◆ **THE DATA**:
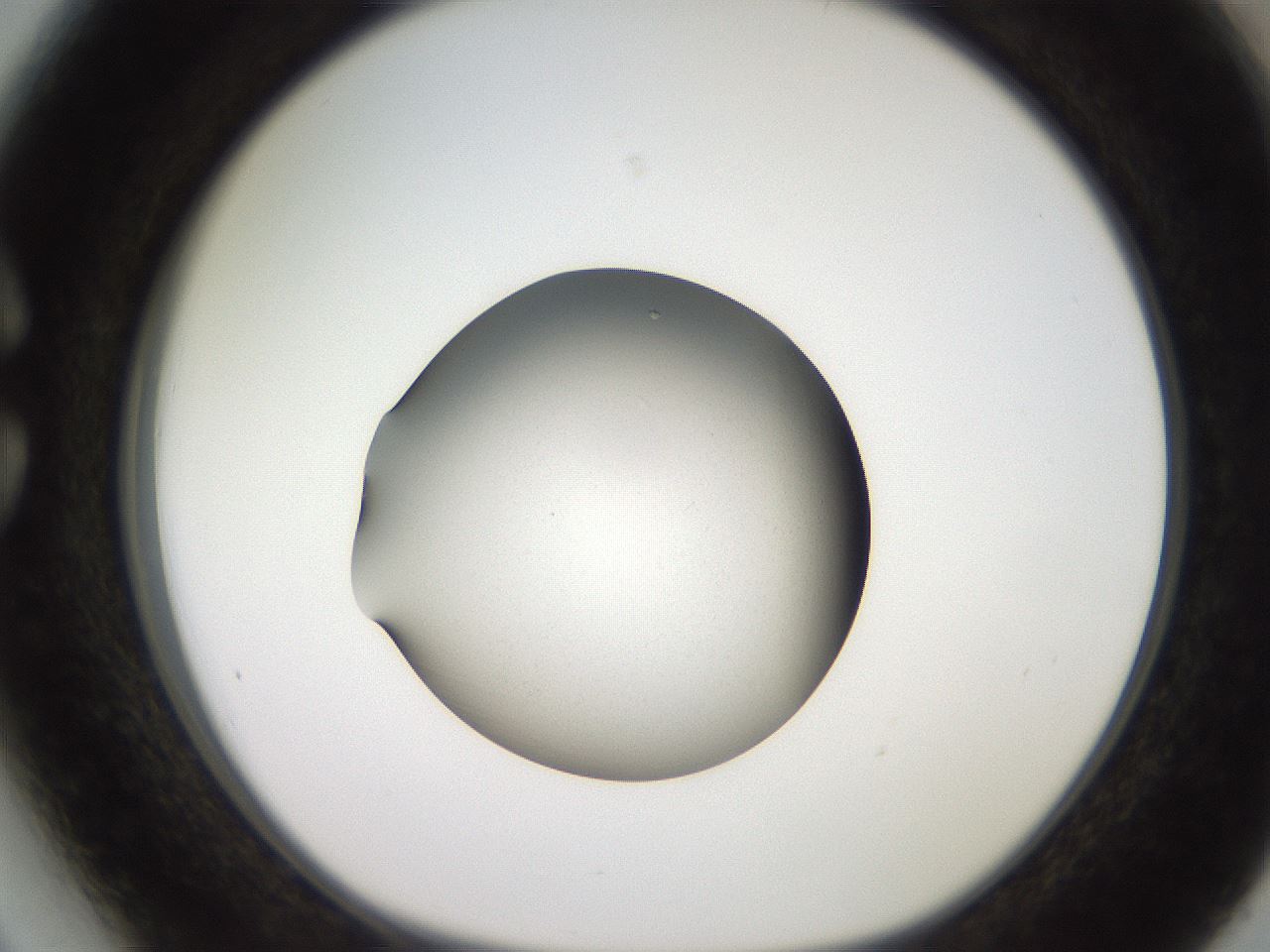 folderID259_plateID2259_batchID10335_wellNum27_profileID1_d1_r157238_ef.jpg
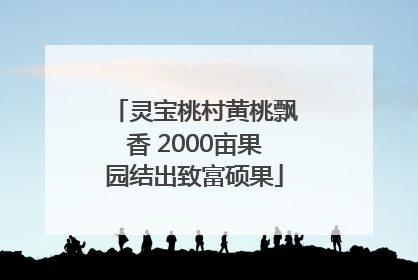 灵宝桃村黄桃飘香 2000亩果园结出致富硕果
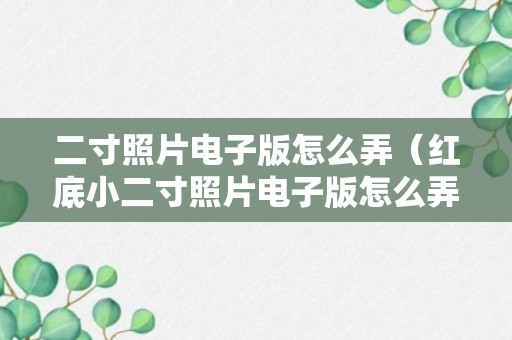 二寸照片电子版怎么弄（红底小二寸照片电子版怎么弄）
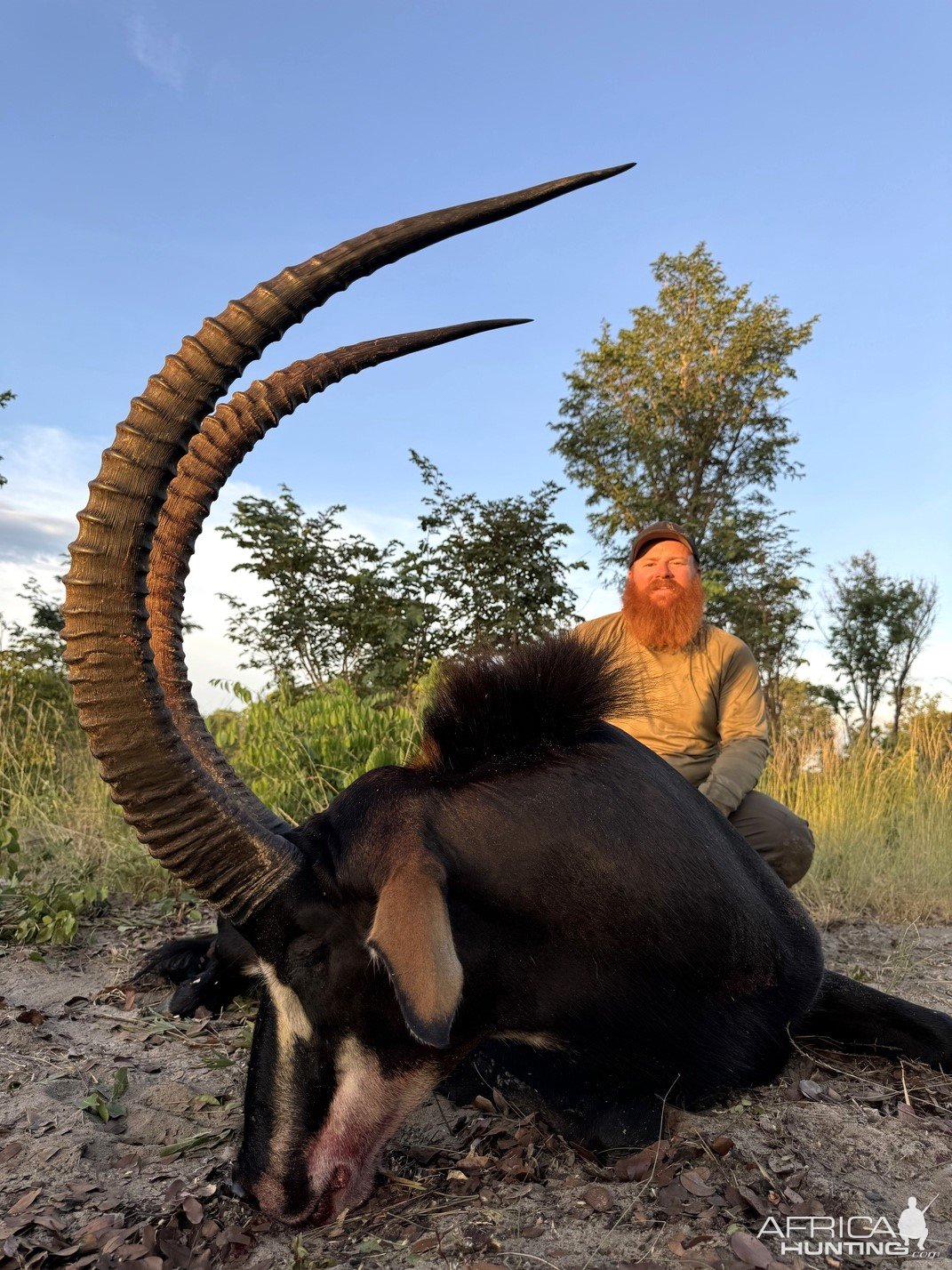 Sable Hunt Zimbabwe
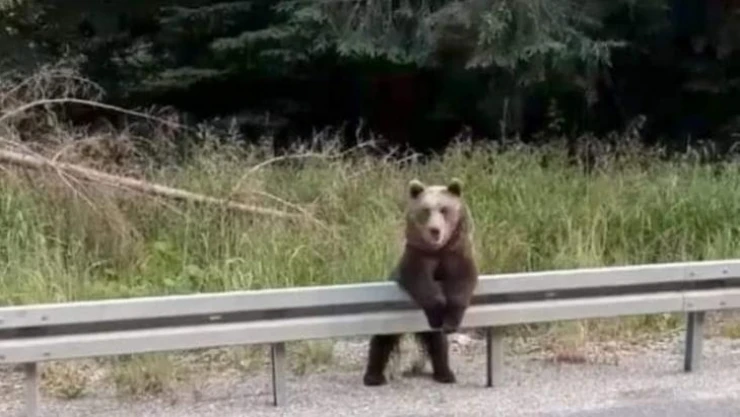 Boz ayı adeta poz verdi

◆ **WORK INSTRUCTION**: Retype the data above exactly. Leave the pictures out.

◆ **SOLUTION TO THE PROBLEM**:
 folderID259_plateID2259_batchID10335_wellNum27_profileID1_d1_r157238_ef.jpg
 灵宝桃村黄桃飘香 2000亩果园结出致富硕果
 二寸照片电子版怎么弄（红底小二寸照片电子版怎么弄）
 Sable Hunt Zimbabwe
 Boz ayı adeta poz verdi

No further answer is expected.